Open Educational Practice - Approaching a Definition for a New Concept
Why is it important to extend the concept of open educational resources to open educational practices?
Although open educational resources (OER) are high on the agenda of social and inclusion policies and supported by many stakeholders in the educational sphere, their use in higher education (HE) and adult education (AE) has not yet reached a critical threshold. This is posing an obstacle to the seamless provision of high quality learning resources and practices for citizens’ lifelong learning. This is explained by the fact that the current focus in OER is mainly on building more access to digital content. There is little consideration of how OER are supporting educational practices, and how OER promote quality and innovation in teaching and learning.
We aim therefore to extend the focus of OER beyond access to innovative open educational practices (OEP). The term ‘open educational practices’ is an emerging concept. OEP are defined as practices which support the (re)use and production of high quality OER through institutional policies, promote innovative pedagogical models, and respect and empower learners as co-producers on their lifelong learning path. OEP address the whole OER governance community, policy makers, managers/ administrators of organisations, educational professionals and learners.
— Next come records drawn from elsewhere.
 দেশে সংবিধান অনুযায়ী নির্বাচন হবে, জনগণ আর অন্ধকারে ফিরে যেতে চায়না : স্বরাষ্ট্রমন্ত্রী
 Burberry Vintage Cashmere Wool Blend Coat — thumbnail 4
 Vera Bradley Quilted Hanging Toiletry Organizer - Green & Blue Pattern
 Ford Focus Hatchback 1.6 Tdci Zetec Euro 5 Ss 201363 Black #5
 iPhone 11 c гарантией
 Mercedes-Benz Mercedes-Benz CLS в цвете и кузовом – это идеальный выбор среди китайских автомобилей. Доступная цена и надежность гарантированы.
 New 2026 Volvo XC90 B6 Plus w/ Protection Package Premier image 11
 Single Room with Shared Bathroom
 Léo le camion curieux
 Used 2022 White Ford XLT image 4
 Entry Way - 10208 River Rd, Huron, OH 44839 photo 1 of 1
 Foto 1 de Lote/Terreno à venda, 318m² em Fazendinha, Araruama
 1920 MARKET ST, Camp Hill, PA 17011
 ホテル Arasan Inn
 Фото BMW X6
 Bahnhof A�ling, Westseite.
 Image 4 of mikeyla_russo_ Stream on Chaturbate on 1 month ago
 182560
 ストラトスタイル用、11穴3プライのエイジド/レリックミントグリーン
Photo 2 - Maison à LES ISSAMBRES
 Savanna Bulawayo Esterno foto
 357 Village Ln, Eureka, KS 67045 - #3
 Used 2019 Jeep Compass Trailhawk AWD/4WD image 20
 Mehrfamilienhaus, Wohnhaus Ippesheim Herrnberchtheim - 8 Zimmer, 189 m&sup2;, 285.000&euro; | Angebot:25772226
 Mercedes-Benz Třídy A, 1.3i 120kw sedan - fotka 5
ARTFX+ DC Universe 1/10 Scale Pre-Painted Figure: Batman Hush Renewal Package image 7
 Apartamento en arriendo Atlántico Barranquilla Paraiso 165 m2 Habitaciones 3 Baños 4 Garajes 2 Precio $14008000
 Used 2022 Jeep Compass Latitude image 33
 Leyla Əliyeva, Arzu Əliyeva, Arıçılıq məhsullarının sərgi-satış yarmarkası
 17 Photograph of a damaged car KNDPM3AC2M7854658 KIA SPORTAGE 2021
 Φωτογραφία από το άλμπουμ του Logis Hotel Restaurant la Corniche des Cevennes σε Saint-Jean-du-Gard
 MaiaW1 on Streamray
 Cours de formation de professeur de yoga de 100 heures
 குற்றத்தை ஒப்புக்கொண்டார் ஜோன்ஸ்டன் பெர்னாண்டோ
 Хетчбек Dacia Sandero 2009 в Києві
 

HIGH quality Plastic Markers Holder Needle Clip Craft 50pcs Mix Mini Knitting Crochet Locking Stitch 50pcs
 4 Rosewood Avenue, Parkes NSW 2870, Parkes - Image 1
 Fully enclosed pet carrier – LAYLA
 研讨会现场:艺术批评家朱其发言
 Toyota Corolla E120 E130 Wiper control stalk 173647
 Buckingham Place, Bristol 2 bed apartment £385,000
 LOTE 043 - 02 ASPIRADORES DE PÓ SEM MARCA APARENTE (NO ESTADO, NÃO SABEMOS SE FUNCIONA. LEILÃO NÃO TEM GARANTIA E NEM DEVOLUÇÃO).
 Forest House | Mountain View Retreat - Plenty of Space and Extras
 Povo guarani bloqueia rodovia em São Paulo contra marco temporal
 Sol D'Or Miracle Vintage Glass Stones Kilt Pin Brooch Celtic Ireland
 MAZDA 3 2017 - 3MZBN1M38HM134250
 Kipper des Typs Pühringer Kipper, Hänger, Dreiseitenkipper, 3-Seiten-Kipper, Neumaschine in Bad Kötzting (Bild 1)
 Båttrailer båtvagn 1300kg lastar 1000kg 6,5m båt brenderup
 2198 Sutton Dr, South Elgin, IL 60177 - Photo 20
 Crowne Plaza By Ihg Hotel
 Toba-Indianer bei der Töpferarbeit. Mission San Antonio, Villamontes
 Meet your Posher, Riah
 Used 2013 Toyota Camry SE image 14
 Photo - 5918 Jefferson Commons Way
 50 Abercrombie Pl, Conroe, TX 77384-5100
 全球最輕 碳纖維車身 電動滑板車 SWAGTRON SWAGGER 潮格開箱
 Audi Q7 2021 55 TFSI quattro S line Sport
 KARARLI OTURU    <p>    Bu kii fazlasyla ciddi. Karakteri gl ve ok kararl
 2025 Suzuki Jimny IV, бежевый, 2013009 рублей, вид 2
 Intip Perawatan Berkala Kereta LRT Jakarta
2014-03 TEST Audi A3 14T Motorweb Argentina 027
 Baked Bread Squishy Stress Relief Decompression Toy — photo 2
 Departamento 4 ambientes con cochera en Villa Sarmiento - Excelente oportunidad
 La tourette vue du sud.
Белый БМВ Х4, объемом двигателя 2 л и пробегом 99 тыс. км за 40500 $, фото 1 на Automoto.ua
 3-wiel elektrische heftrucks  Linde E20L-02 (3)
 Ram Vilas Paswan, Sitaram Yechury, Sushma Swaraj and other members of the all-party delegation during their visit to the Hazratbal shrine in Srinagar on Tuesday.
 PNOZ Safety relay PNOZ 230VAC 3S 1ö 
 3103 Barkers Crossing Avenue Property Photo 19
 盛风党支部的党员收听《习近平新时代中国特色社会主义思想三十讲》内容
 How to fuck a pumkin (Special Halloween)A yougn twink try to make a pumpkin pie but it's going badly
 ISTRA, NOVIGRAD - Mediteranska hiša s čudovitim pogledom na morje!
In this positioning paper we outline basic characteristics and describe open educational practices in their current forms. The paper is based on a networked discussion between international experts in the field of OER, HE and AE.
How is open educational practice defined?
In general, open educational practice is defined as the use of open educational resources in such a way that the quality of educational experiences is raised. Whereas OER focus on content and resources, OEP represents the practice in which an educational method is employed to create an educational environment in which OER are used or created as learning resources.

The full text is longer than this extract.